Writing in Slate, Bruce Fein takes issue with the major premise underlying executive privilege:
"The president's claim of privilege pivots on a false assumption wrongly endorsed by the Supreme Court in Nixon v. United States: namely, that the president will not receive candid and unfettered advice from subordinates absent a guarantee that their communications will remain confidential. What nonsense. I have worked in and out of government for 38 years. I have never heard any high or low executive-branch official so much as insinuate that presidential advice had been or might be skewed or withheld if confidentiality were not guaranteed. The gravity of advising the president universally overcomes anxieties over possible embarrassment through subsequent publicity.
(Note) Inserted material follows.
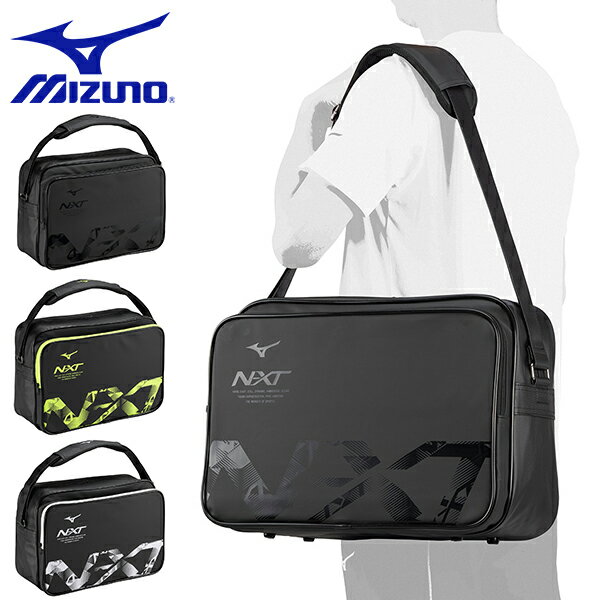 送料無料 ショルダーバッグ ミズノ MIZUNO NXT バッグ 30L 斜めがけ スポーツバッグ かばん バッグ 部活 クラブ 遠征 合宿 学校 通学 33JSB002 2024春夏新作 得割16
Moreover, every presidential adviser knows that confidentiality is never ironclad. Presidents routinely waive executive privilege in jockeying with Congress; confidentiality is always subservient to a criminal investigation or prosecution under the Nixon precedent; and leaks to the media of confidential presidential memos or conversations overflow like the Nile. Indeed, President Bush has himself waived the privilege repeatedly in the ongoing U.S. attorneys investigations by the two committees.
Executive privilege is a concoction, then, to protect secrecy for the sake of secret government, while transparency is the rule of enlightened democracies to insure political accountability and to deter folly or wrongdoing."